In 1972 St. Louis resident Minnie Liddell had filed a class action lawsuit seeking equal protection under the law for black city students, claiming her child had received an inadequate public school education. An initial ruling found in favor of the city’s board of education, but that was overturned in 1980 when a panel of three judges in the 8th Circuit Court reversed the lower court, ruling that the city board of education failed to do enough to desegregate the school system even after the U.S. Supreme Court struck down the separate but equal doctrine at the public school level in Brown v. Board of Education in 1954.
Historically, Missouri had been a separate but equal state, and before 1954 suburban blacks were forced to travel to all-black city schools—Sumner High School for one—if they wanted a public education.
Hungate proposed his remedy of consolidating the school districts before he set a trial date of February 14, 1983, for the lawsuit. The conservative Globe-Democrat called the judge “Attila the Hungate.” If Hungate followed through on his proposal, the existence of one large metropolitan school district would have meant that some students from wealthy municipalities in the county could be sent to inner city schools while underprivileged children from the city took their places at suburban schools.

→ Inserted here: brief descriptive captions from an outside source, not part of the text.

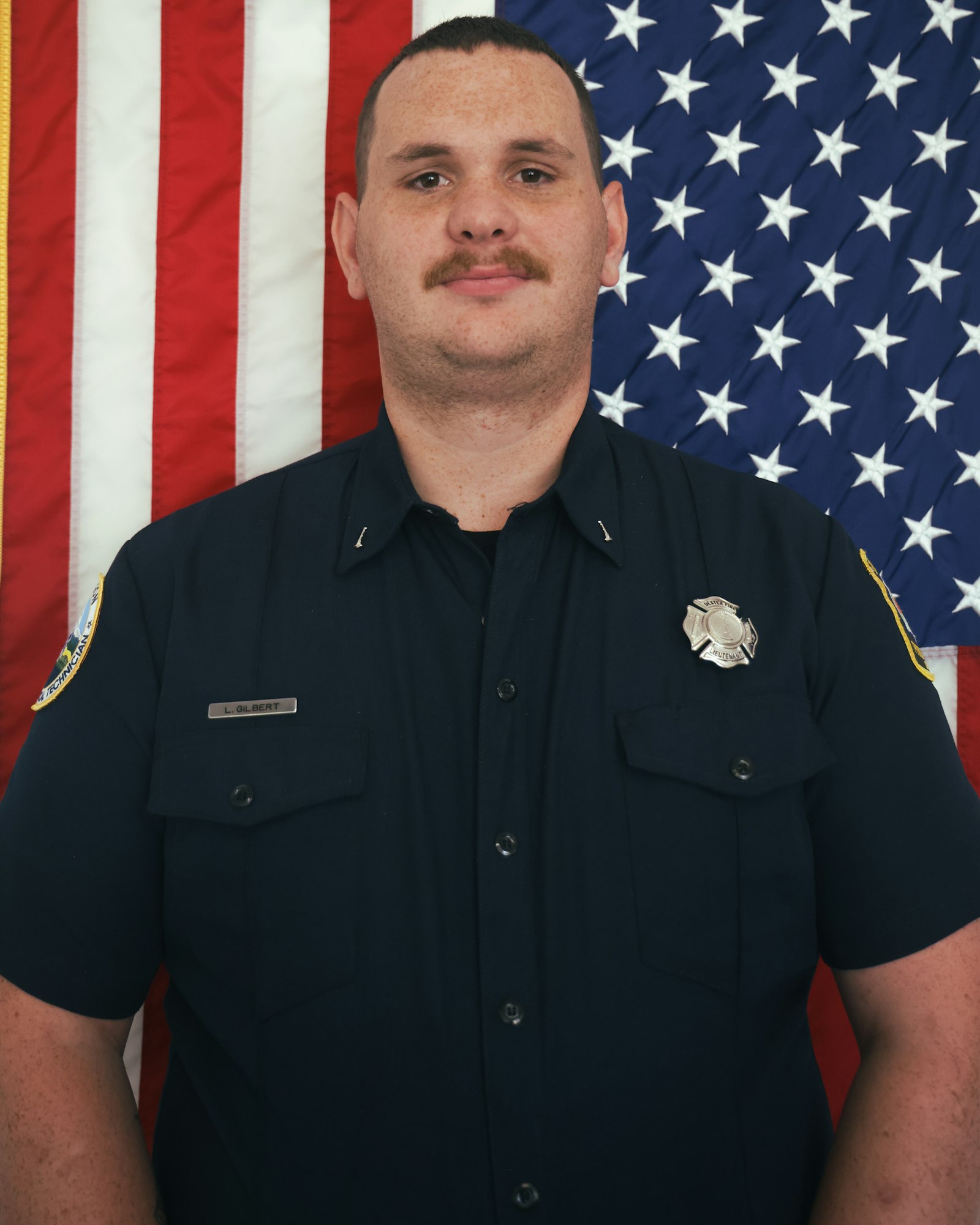 A person in a uniform stands in front of an American flag.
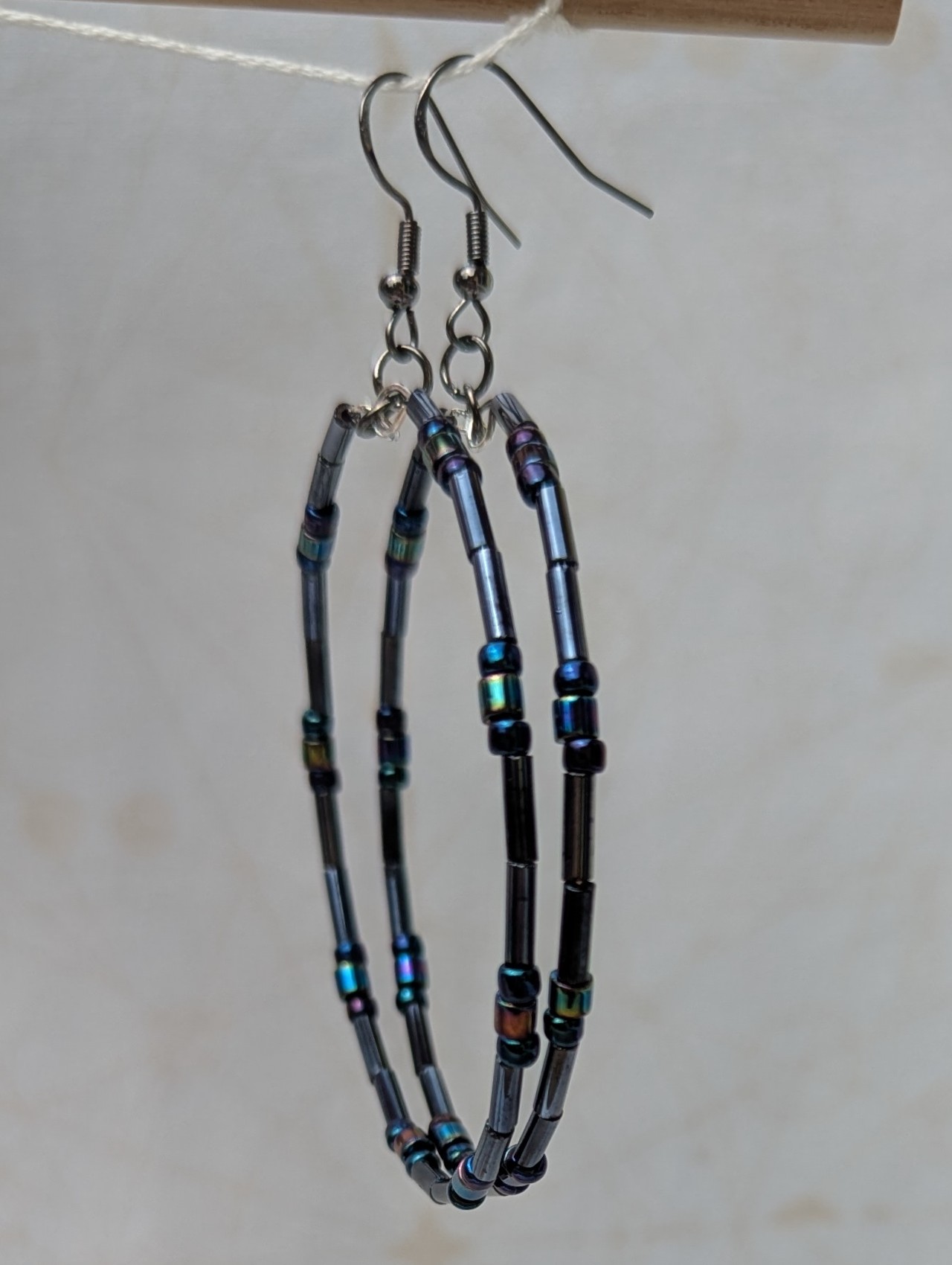 Handmade blue-black metallic hoop earrings with iridescent glass beads on steel-colored memory wire and tungsten-colored French hooks.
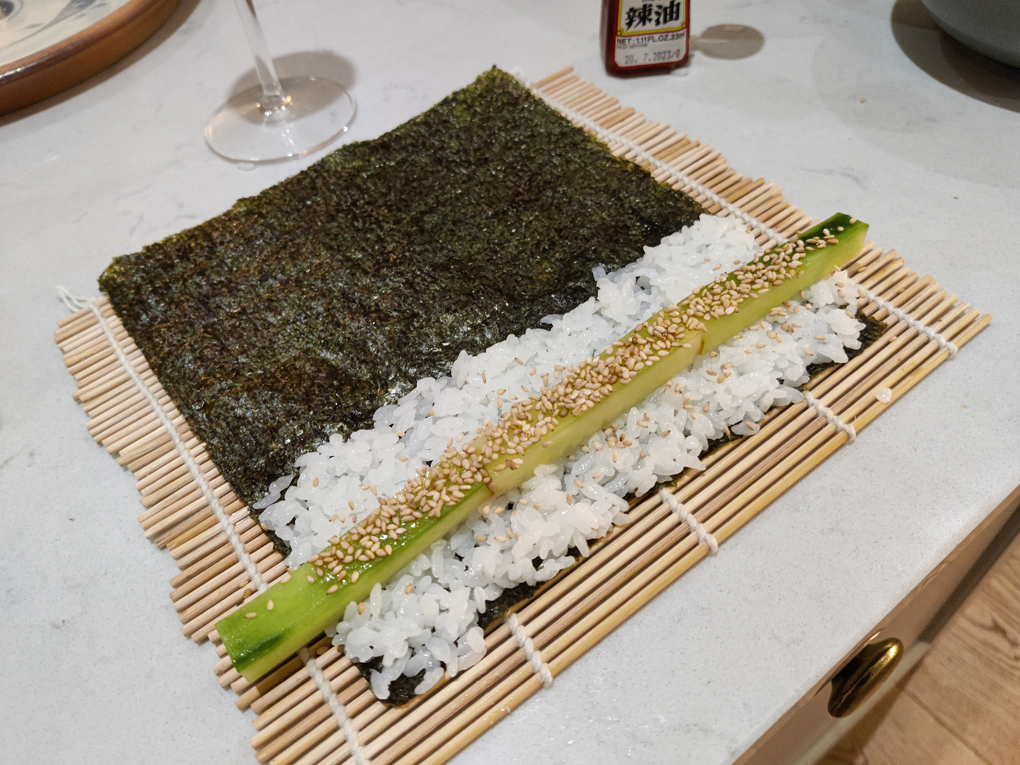 A half made cucumber hosomaki on a sushi rolling mat ready to be rolled.
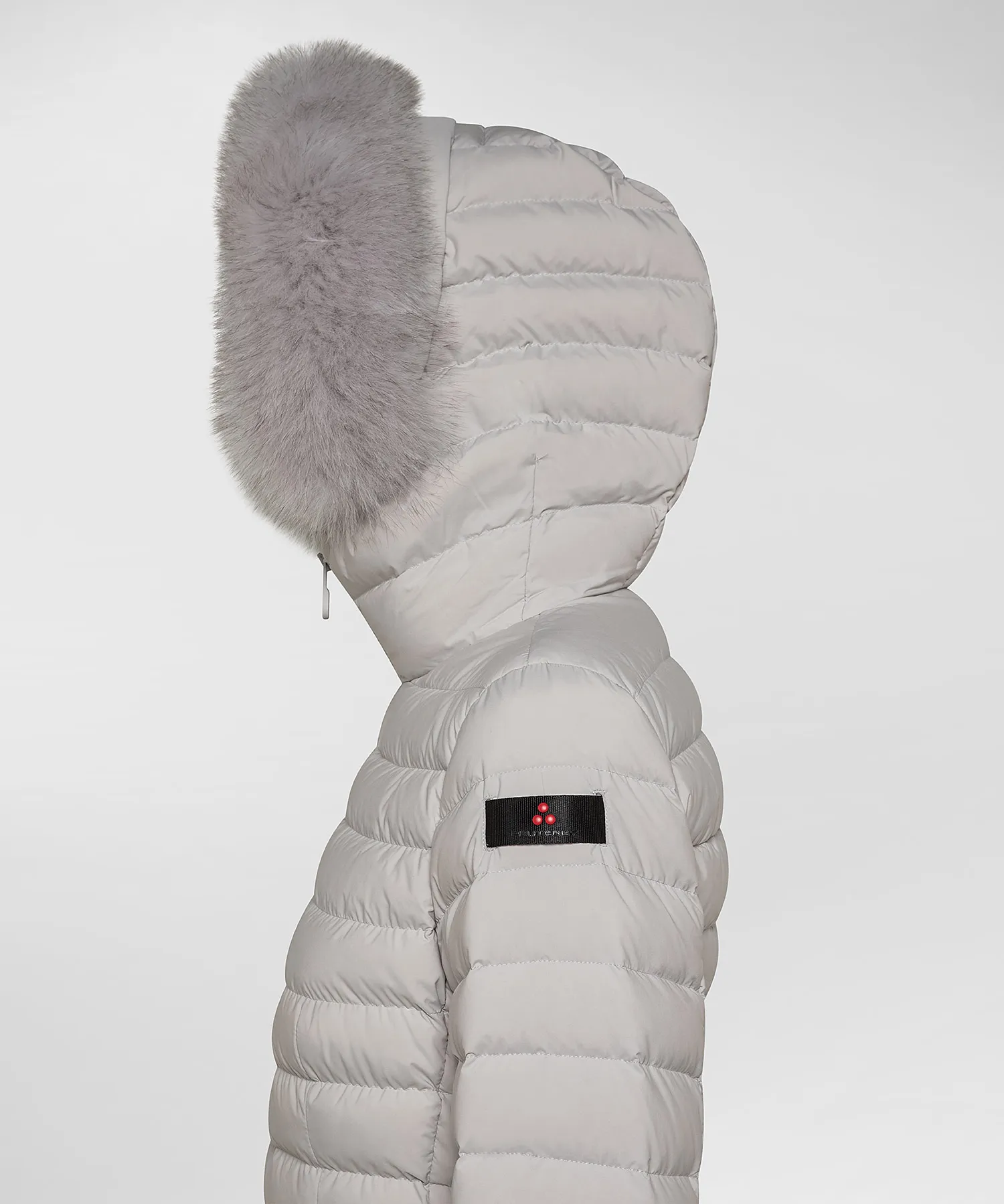 Piumino slim con pelliccia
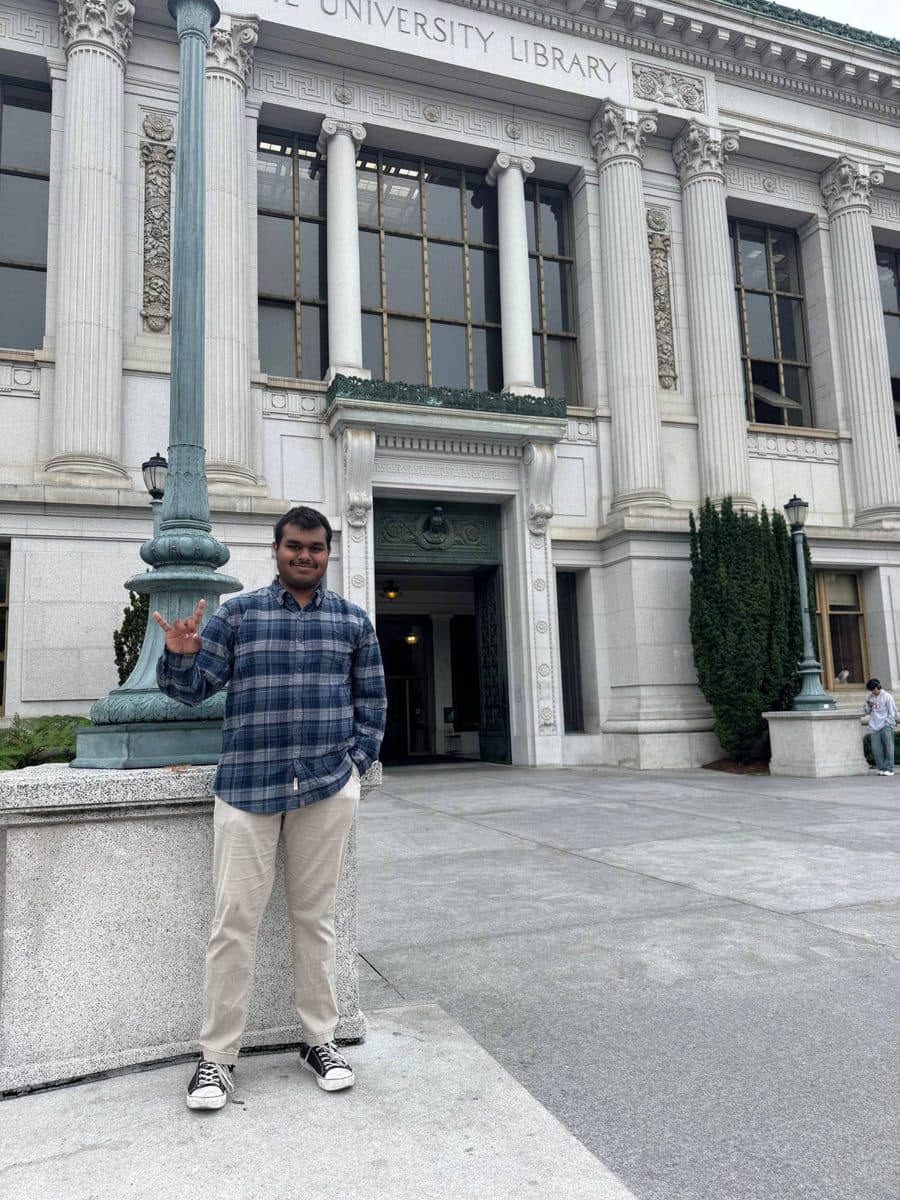 Vishanth throwing up the Hook em sign outside the UC Berkeley library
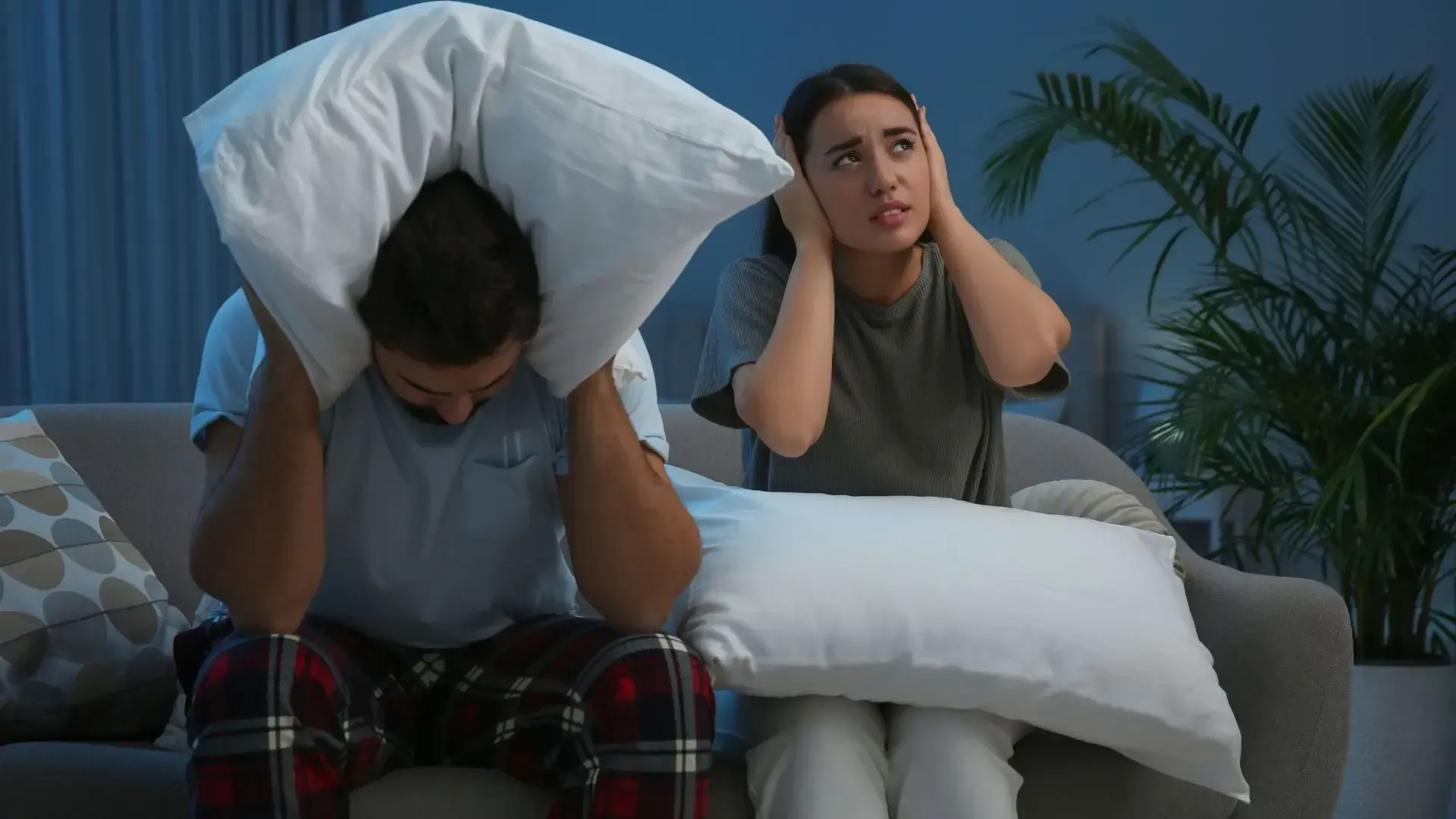 A man and a woman are sitting on a couch covering their ears with pillows.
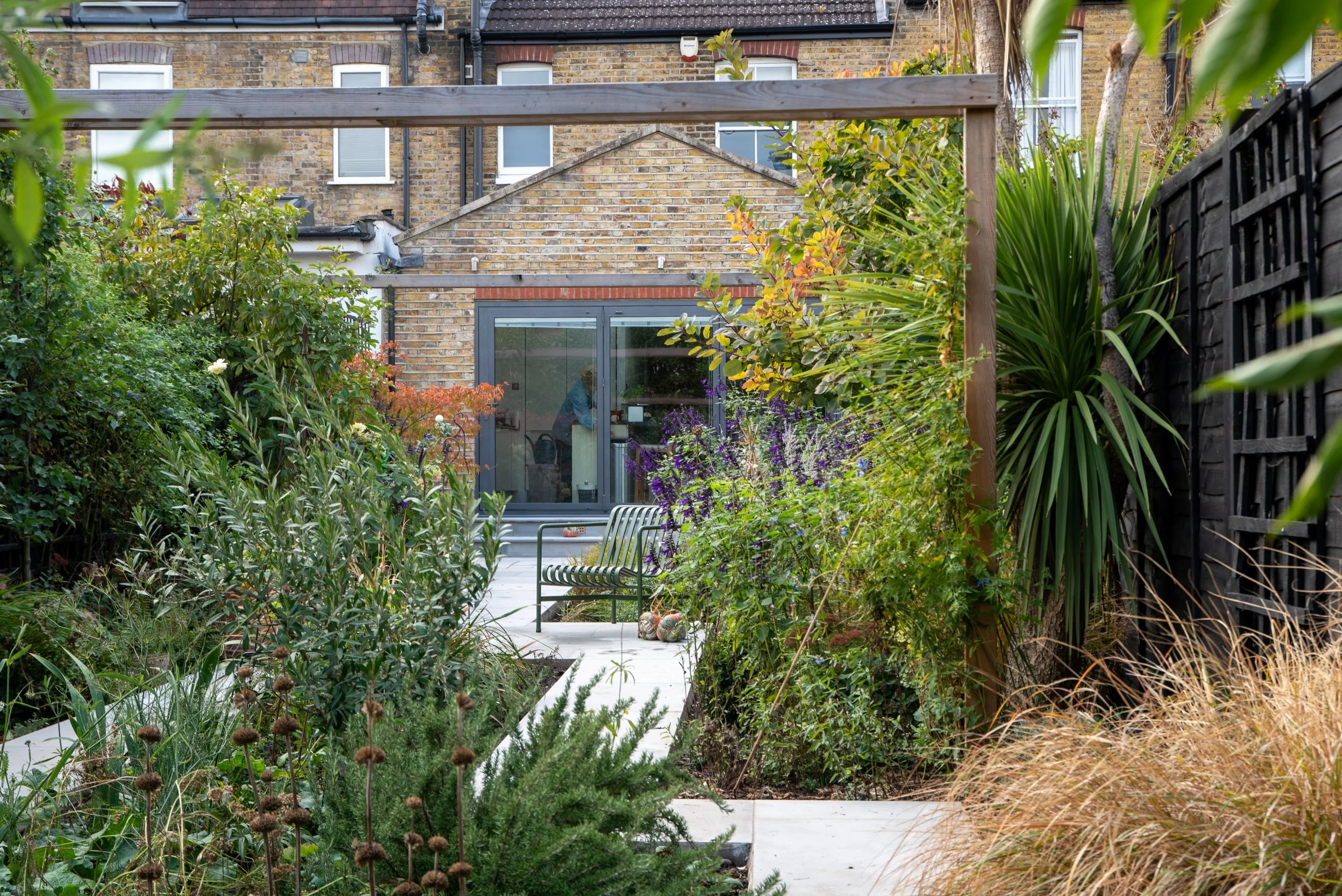 View through a timber pergola and lush planting to the house and paved terrace in a Wimbledon back garden by Vlad the Landscaper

The suburban school districts—including parents, employees and elected school board members—did not take the news lightly. They scrambled to the negotiating table to avoid the abolition of their districts. Rather than risk disappearance, they agreed to a settlement of the desegregation suit that included the “voluntary” acceptance of some African-American students from the city and the chance for white suburban students to attend city magnet schools.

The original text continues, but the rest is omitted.